Material provided

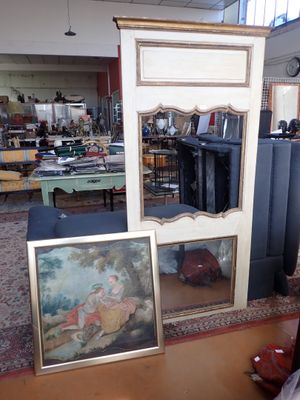two framed pictures on the floor in a room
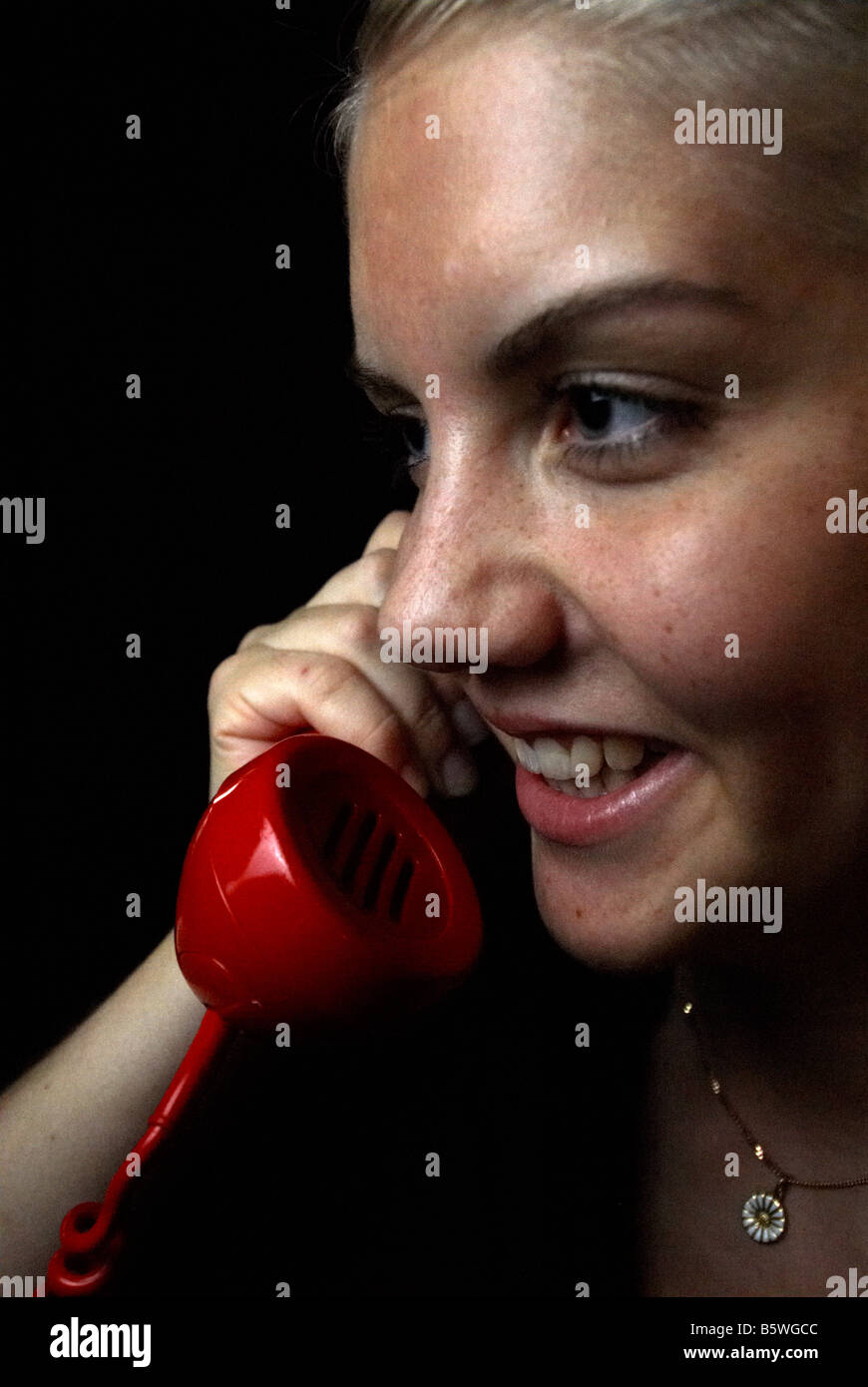 Girl talking in telephone Stock Photo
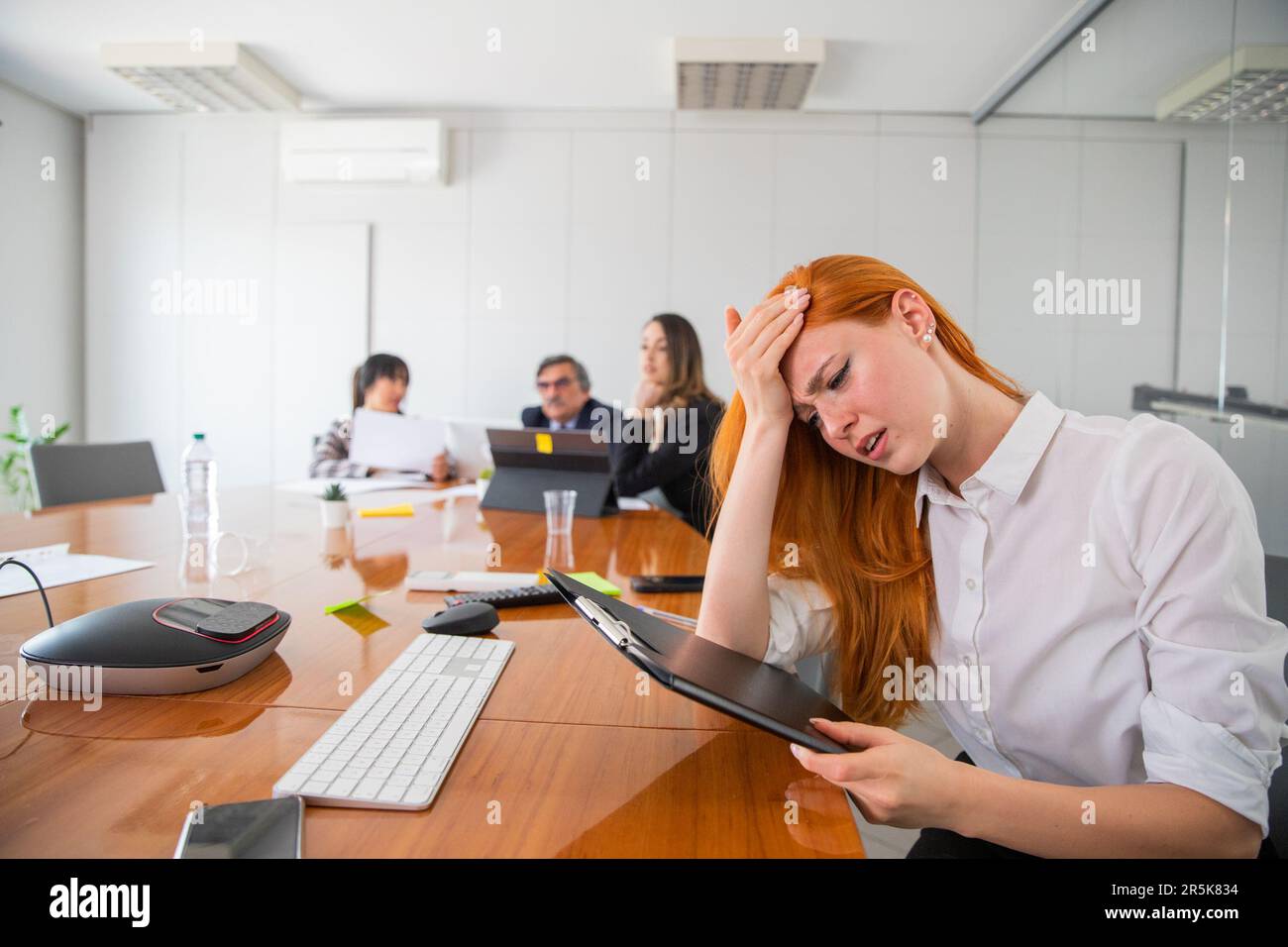 Eine gestresste Geschäftsfrau auf der Arbeit berührt ihre Stirn, überlastet auf der Arbeit Stockfoto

Task requirements
Write out the listing above again, exactly, but with no pictures in the copy.

Answer box
two framed pictures on the floor in a room
 Girl talking in telephone Stock Photo
 Eine gestresste Geschäftsfrau auf der Arbeit berührt ihre Stirn, überlastet auf der Arbeit Stockfoto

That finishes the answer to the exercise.